Background
Texas is now the fourth jurisdiction to have changed its corporate income/franchise tax law in response to Wayfair joining Hawaii, Pennsylvania, and the City of Philadelphia.  This new amendment comes as a response to the U.S. Supreme Court’s decision in South Dakota v. Wayfair, Inc., 138 S. CT. 2080 (2018) which held that the Court’s long-standing physical presence nexus standard is an “unsound and incorrect” interpretation of the Commerce Clause. Historically, the Texas Comptroller had applied a physical presence standard for nexus franchise tax purposes.

Economic Nexus Standard
Texas Amin.
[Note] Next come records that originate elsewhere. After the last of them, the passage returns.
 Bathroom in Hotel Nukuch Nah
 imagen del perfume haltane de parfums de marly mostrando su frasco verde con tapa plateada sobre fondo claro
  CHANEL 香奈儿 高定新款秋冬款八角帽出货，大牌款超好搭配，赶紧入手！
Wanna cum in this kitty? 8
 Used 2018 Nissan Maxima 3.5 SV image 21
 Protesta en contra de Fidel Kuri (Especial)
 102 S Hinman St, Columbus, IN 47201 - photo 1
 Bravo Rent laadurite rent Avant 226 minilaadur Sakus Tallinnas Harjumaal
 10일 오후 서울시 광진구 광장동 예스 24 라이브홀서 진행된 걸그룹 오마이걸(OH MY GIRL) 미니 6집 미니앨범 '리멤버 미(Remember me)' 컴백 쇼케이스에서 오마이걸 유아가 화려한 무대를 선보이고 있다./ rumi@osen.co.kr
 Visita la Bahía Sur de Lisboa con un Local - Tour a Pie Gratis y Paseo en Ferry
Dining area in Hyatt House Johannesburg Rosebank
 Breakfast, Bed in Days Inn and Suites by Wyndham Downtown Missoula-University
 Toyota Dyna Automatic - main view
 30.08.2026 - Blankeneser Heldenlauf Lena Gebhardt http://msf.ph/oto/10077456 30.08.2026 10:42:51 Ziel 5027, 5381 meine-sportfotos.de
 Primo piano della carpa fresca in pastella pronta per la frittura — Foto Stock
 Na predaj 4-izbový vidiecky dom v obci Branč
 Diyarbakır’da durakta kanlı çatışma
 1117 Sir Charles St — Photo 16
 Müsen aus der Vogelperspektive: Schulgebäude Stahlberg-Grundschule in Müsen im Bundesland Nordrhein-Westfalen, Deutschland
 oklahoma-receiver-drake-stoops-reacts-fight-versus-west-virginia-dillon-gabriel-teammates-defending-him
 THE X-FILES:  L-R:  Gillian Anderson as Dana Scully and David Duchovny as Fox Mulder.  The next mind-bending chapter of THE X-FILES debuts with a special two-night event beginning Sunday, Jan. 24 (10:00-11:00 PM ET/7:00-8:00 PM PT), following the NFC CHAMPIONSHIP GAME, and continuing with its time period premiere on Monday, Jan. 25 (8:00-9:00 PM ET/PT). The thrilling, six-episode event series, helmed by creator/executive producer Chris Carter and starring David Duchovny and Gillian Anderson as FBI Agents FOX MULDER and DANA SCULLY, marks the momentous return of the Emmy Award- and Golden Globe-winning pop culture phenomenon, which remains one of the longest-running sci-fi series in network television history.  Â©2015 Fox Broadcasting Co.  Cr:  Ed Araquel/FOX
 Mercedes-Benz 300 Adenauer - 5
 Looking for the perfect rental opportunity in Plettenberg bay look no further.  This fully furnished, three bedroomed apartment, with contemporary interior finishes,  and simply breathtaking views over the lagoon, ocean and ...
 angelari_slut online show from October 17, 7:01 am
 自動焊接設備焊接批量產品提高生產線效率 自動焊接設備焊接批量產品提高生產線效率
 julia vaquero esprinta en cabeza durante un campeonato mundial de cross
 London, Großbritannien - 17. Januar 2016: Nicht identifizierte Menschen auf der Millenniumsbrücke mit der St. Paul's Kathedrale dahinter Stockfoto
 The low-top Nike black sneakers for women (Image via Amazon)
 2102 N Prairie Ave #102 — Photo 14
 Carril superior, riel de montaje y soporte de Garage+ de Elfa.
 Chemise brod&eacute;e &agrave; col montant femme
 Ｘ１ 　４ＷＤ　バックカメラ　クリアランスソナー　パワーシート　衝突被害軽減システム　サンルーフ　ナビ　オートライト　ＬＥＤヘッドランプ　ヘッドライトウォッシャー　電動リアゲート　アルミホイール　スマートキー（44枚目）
Code § 3.586 states:
“For each federal income tax accounting period ending in 2019 or later, a foreign taxable entity has nexus in Texas and is subject to Texas franchise tax, even if it has no physical presence in Texas, if during that federal income tax accounting period, it had gross receipts from business done in Texas of $500,000 or more”

Additionally, according to the finalized rule, a taxable entity will be deemed to be “doing business” in Texas on the earliest of:
1. the date the entity has physical nexus
2. the date the entity obtains a Texas use permit
3. the first day of the federal income tax accounting period in which the entity had gross receipts from business done in Texas in excess of 500,000

Considerations
Taxpayers should consider the potential increase to Texas receipts for taxable entities that previously excluded those receipts under the ‘Joyce’ rule (i.e., only the sales of entities with Texas nexus are included in the Texas sales factor numerator) as they may now be considered Texas sourced, even if it doesn’t create a physical presence in Texas.